◆ Task instructions
Reproduce each line of the entries that carries "girl".

◆ Data for analysis
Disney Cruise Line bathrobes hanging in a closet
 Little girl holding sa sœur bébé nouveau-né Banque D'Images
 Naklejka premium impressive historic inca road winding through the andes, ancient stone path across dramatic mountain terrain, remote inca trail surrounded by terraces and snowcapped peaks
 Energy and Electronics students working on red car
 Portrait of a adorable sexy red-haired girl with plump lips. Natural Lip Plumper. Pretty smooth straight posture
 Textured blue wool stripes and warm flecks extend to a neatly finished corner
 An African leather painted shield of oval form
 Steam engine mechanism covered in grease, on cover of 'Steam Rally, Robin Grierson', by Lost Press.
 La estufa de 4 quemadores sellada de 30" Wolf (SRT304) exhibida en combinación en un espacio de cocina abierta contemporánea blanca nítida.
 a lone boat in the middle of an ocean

◆ Written answer
 Little girl holding sa sœur bébé nouveau-né Banque D'Images
 Portrait of a adorable sexy red-haired girl with plump lips. Natural Lip Plumper. Pretty smooth straight posture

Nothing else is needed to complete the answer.